Return each line of the data below verbatim; pictures are to be left out.

Image-caption web data
◇ ◇ ◇ ◇ ◇
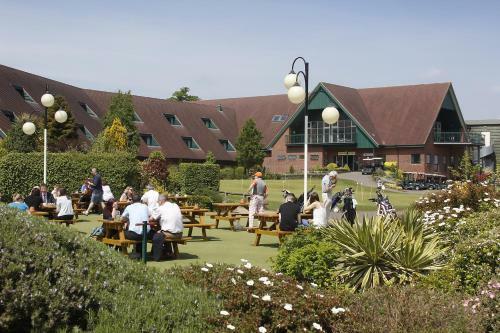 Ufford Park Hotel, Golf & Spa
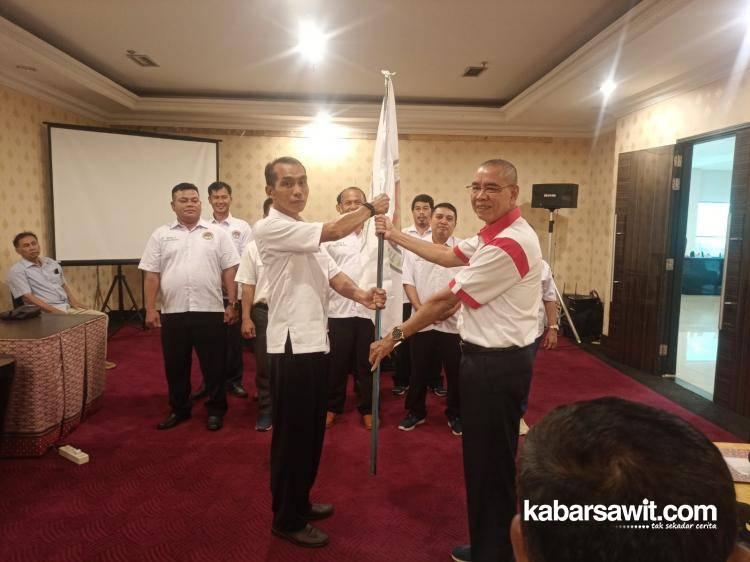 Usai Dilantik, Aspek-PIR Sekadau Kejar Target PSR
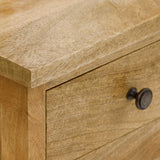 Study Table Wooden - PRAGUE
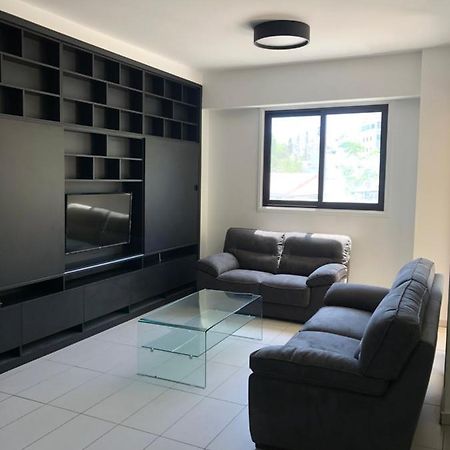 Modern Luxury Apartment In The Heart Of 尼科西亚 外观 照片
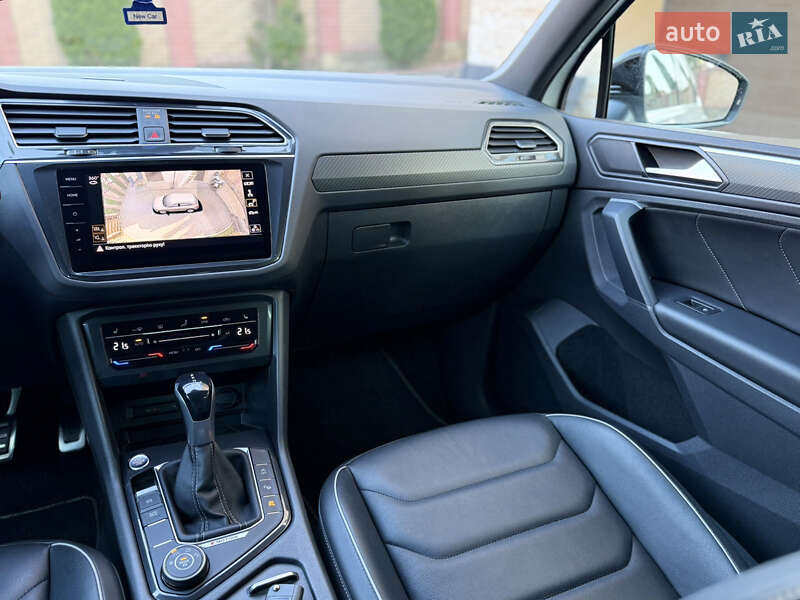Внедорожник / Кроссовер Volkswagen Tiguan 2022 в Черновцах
◇ ◇ ◇ ◇ ◇
### Written response
 Ufford Park Hotel, Golf & Spa
 Usai Dilantik, Aspek-PIR Sekadau Kejar Target PSR
 Study Table Wooden - PRAGUE
 Modern Luxury Apartment In The Heart Of 尼科西亚 外观 照片
Внедорожник / Кроссовер Volkswagen Tiguan 2022 в Черновцах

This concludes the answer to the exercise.